Starting with the line with "Sacchetto rettangolare in" in the entries below and going on through the line with "French Art Deco", output every line exactly and nothing more. No pictures.

### EXERCISE MATERIAL
-=-=-

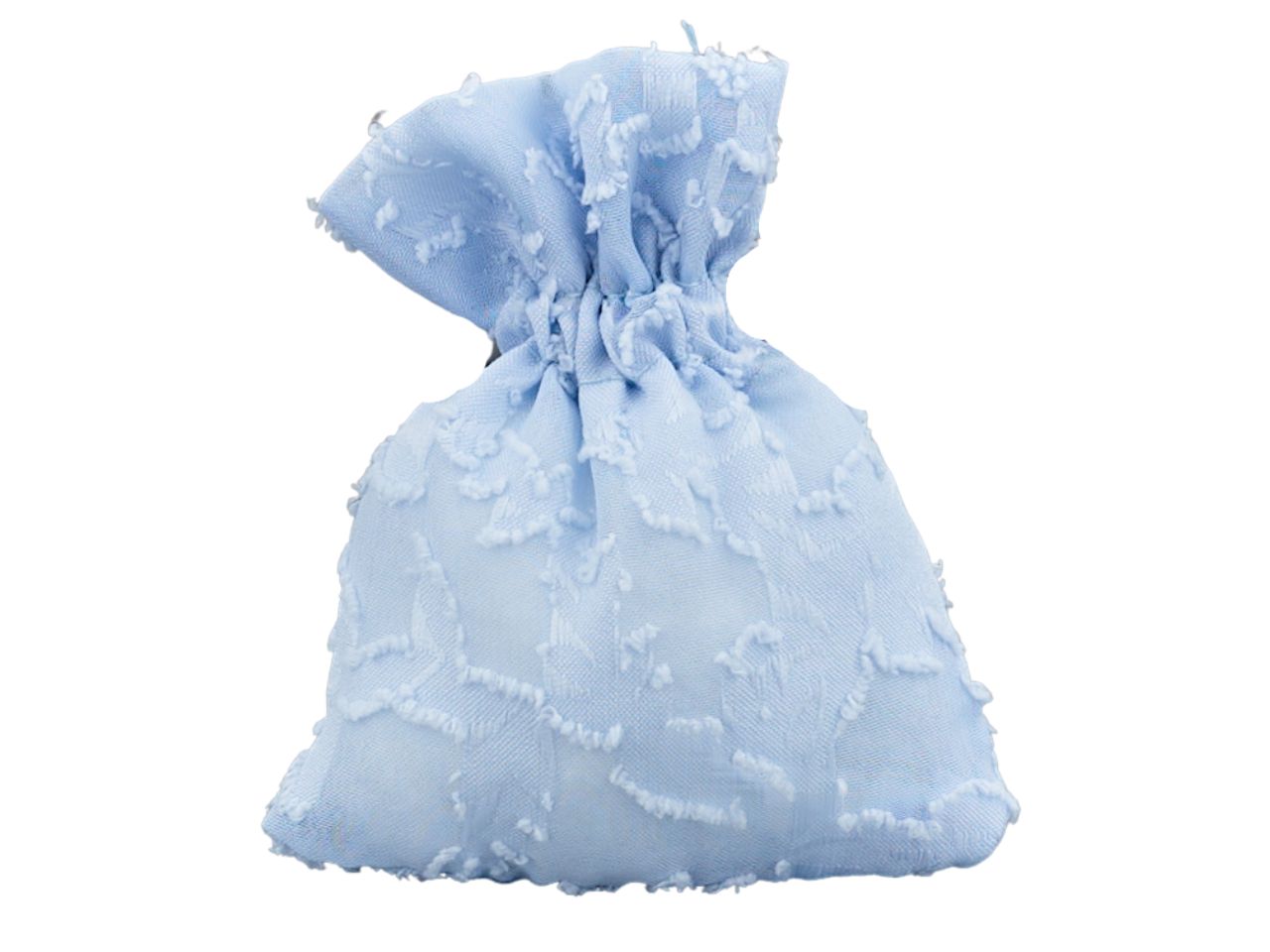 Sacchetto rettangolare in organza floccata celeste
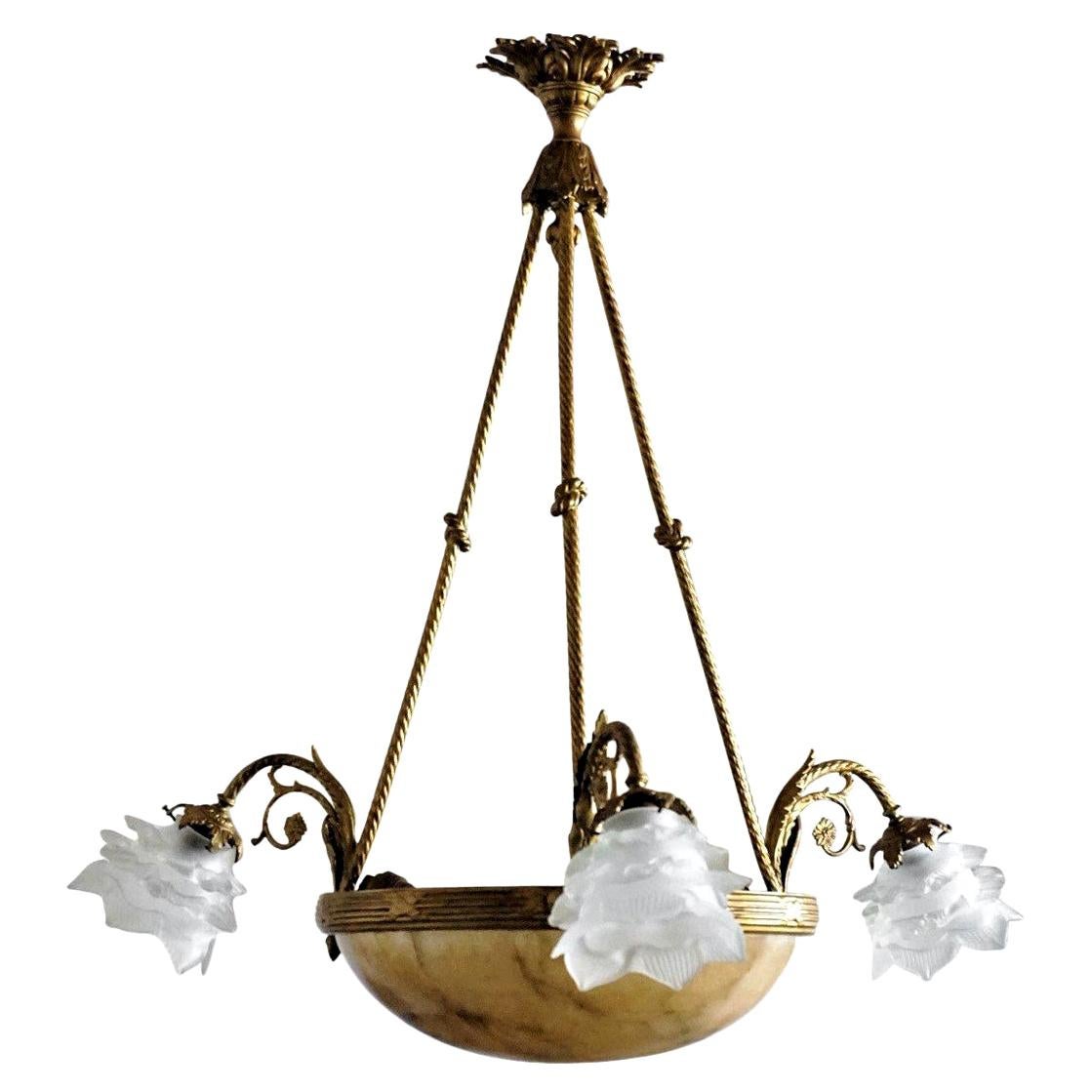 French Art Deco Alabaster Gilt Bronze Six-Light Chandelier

-=-=-

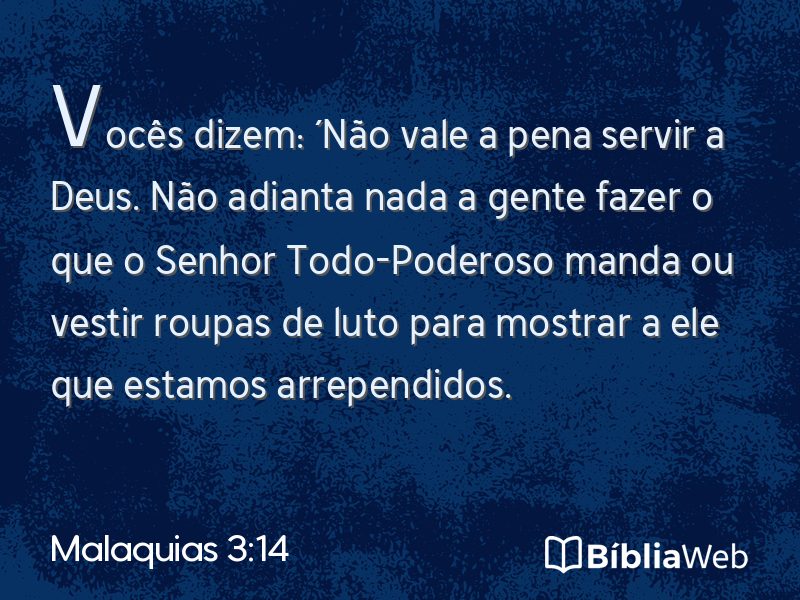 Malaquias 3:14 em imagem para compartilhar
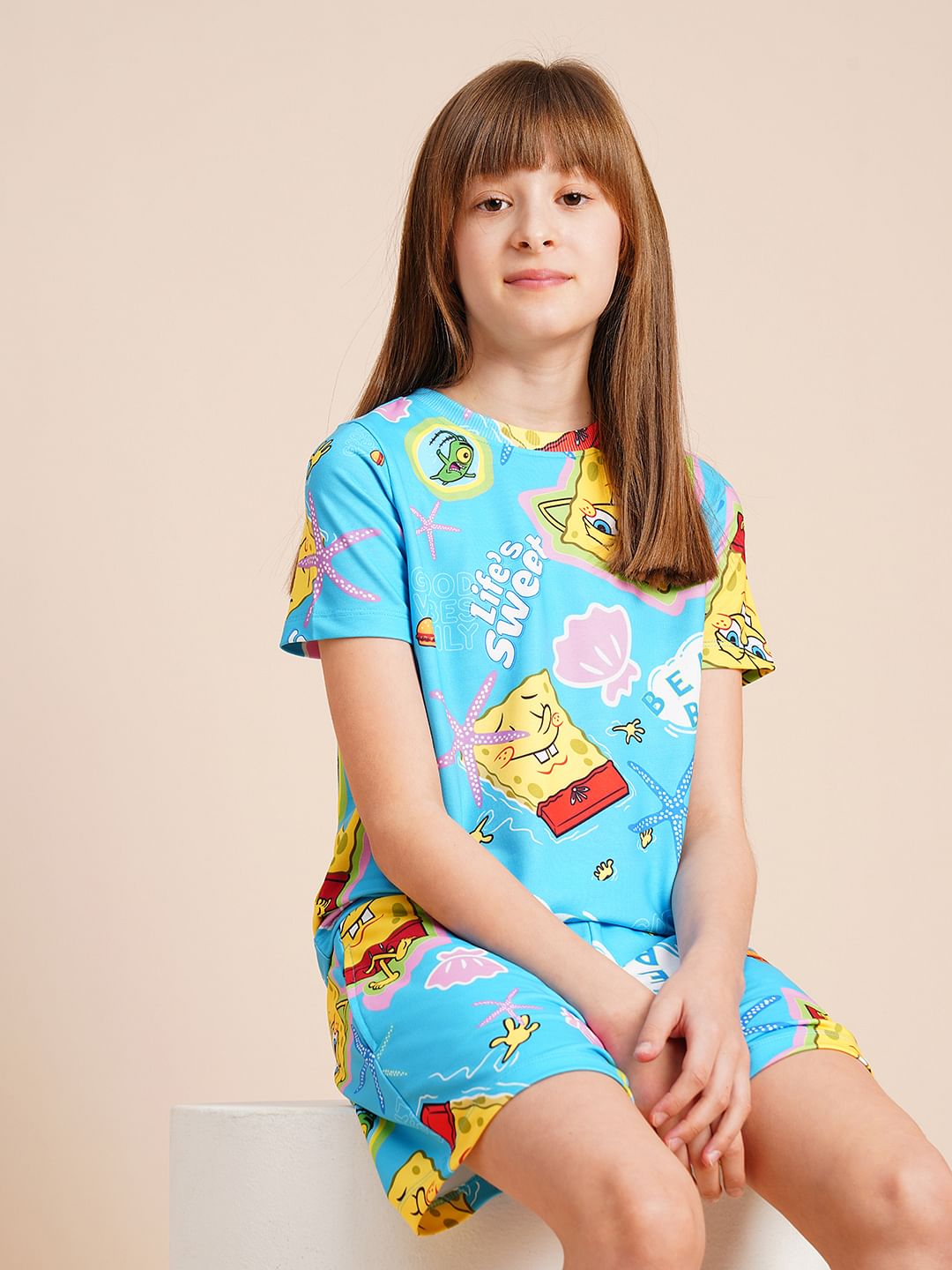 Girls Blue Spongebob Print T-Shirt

-=-=-

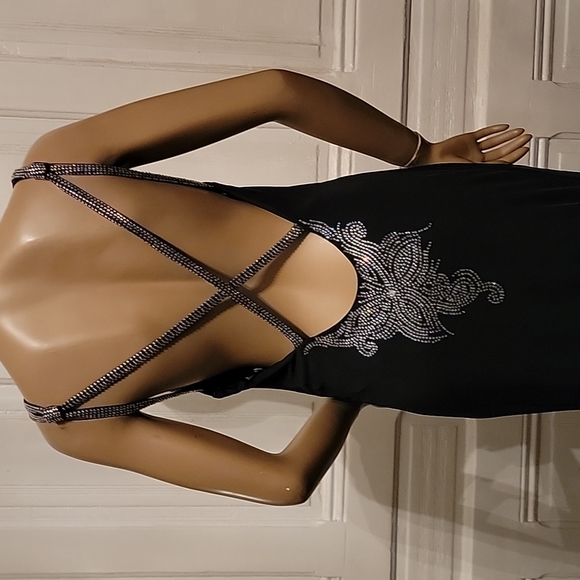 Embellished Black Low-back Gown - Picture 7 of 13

-=-=-

### THE ANSWER
 Sacchetto rettangolare in organza floccata celeste
 French Art Deco Alabaster Gilt Bronze Six-Light Chandelier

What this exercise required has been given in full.